その者の心を表しているかのような、刃まで黒い剣だ。
「なかなかの強敵だ……斬るのが楽しみだな」
「そういう迷惑な趣味は一人で楽しんでくれ」
先に動いた。
強化した身体能力を活かして、剣鬼の背後に回り込む。
体全体を独楽のように動かして、回し蹴りを放つ。
「いい動きだ」
剣鬼は振り返ることなく、剣で俺の蹴りを受け止めてみせた。
そして、カウンター。
刃が閃いて、死が目の前に迫る。
ゾクリとした感覚を味わいつつも、俺は、恐怖に踊らされることなく、冷静に対処。
宙で体を捻り、攻撃を回避。
さらに魔法を唱えて風を生み出して、その反動で距離を取る。
「やるな。
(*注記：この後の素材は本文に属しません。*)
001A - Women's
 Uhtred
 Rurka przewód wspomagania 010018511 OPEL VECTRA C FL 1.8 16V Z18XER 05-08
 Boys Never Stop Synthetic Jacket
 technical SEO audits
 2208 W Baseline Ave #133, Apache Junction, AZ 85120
子供と侮るつもりはなかったが、しかし、無意識のうちに侮っていたのかもしれぬな……次は、外さぬ」
「そのまま侮っていてくれて構わないんだけど……なっ!」
今度は魔法を放つ。
さきほど使った、初級火魔法をレーザーのように放つものだ。
しかし、この魔法はレーザーのような威力を持つが、光で構成されているわけではないため、必中ではない。
剣鬼は、冷静に炎の軌道を見切り、避けてみせた。
そして、再びのカウンター。
投擲用のナイフを手にして、それを放つ。
こちらが回避することは想定内。
それを見通した上で動いて、回避直後でまともに動けない俺を狙う。
「土<アース>」
土属性の魔法で盾を作り、攻撃を防いだ。
やっぱりというか……こいつ、かなり強いな。
中盤に出てくる中ボスだけだって、相当なものだ。
改造コードの力がなければ、一瞬でやられていただろう。
さて、どうするか?
まともにやりえば……
まあ、勝てないことはないだろう。
改造コードで強化した身体能力と魔力。
そして、この一年、騎士団長と宮廷魔法使いを相手に重ねてきた鍛錬の力。
その二つがあれば、ギリギリ、いけないこともない。
ただ、セフィーリアとリアラがいる。
戦闘が長引けば、彼女達に危害が及ぶかもしれないし……
不測の事態が発生して……という展開もある。
そうならないように、迅速に。
そして、確実な決着をつけたいところだ。